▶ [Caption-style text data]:
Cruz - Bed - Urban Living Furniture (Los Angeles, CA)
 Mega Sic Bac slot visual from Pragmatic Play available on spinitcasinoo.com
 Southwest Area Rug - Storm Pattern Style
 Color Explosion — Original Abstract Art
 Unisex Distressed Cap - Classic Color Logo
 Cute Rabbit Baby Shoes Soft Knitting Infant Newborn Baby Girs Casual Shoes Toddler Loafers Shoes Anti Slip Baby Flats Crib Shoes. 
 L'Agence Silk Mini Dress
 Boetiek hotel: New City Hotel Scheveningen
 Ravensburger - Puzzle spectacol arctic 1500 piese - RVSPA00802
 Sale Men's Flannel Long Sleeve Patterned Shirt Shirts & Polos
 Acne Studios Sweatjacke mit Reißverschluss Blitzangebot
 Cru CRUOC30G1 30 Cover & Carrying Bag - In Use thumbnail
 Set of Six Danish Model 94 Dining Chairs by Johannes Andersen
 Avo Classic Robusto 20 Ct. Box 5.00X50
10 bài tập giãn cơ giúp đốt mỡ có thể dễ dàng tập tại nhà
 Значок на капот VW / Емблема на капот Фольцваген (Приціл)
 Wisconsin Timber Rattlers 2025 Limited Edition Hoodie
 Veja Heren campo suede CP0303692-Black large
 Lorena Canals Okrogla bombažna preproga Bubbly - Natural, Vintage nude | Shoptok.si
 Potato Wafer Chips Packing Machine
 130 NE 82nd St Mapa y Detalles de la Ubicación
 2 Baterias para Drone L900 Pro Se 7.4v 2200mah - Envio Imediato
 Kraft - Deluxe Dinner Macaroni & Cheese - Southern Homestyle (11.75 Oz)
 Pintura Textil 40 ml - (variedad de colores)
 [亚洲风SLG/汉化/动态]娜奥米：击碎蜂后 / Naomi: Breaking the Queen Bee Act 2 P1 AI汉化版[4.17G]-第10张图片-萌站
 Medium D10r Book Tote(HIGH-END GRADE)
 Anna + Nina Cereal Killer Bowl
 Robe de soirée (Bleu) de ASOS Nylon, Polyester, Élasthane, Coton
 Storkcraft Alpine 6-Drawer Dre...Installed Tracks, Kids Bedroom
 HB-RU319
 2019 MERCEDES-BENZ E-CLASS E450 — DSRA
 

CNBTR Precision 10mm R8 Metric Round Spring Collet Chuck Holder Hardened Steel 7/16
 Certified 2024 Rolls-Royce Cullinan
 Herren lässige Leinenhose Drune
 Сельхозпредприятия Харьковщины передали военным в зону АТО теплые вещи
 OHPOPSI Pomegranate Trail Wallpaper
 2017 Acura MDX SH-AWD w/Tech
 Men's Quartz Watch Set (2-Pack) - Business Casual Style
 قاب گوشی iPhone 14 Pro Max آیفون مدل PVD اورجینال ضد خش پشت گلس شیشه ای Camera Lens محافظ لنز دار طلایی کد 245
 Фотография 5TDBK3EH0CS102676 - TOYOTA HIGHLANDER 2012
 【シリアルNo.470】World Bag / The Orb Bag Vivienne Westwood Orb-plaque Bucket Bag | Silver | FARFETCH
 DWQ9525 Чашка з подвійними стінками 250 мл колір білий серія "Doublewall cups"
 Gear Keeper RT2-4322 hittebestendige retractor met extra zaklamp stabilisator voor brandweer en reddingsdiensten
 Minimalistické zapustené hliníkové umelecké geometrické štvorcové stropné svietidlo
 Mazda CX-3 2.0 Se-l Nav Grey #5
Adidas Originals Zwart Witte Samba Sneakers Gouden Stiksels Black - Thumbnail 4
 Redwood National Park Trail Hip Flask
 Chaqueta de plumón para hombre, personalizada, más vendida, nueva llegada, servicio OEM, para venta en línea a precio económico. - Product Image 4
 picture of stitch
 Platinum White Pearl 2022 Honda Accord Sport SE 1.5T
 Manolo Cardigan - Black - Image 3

▶ [WHAT THE TASK ASKS]: Quote exactly the stretch of lines above that starts at the first one and ends at the line with "Kraft - Deluxe", and nothing beyond it.

▶ [THE ANSWER]:
Cruz - Bed - Urban Living Furniture (Los Angeles, CA)
 Mega Sic Bac slot visual from Pragmatic Play available on spinitcasinoo.com
 Southwest Area Rug - Storm Pattern Style
 Color Explosion — Original Abstract Art
 Unisex Distressed Cap - Classic Color Logo
 Cute Rabbit Baby Shoes Soft Knitting Infant Newborn Baby Girs Casual Shoes Toddler Loafers Shoes Anti Slip Baby Flats Crib Shoes. 
 L'Agence Silk Mini Dress
 Boetiek hotel: New City Hotel Scheveningen
 Ravensburger - Puzzle spectacol arctic 1500 piese - RVSPA00802
 Sale Men's Flannel Long Sleeve Patterned Shirt Shirts & Polos
 Acne Studios Sweatjacke mit Reißverschluss Blitzangebot
 Cru CRUOC30G1 30 Cover & Carrying Bag - In Use thumbnail
 Set of Six Danish Model 94 Dining Chairs by Johannes Andersen
 Avo Classic Robusto 20 Ct. Box 5.00X50
10 bài tập giãn cơ giúp đốt mỡ có thể dễ dàng tập tại nhà
 Значок на капот VW / Емблема на капот Фольцваген (Приціл)
 Wisconsin Timber Rattlers 2025 Limited Edition Hoodie
 Veja Heren campo suede CP0303692-Black large
 Lorena Canals Okrogla bombažna preproga Bubbly - Natural, Vintage nude | Shoptok.si
 Potato Wafer Chips Packing Machine
 130 NE 82nd St Mapa y Detalles de la Ubicación
 2 Baterias para Drone L900 Pro Se 7.4v 2200mah - Envio Imediato
 Kraft - Deluxe Dinner Macaroni & Cheese - Southern Homestyle (11.75 Oz)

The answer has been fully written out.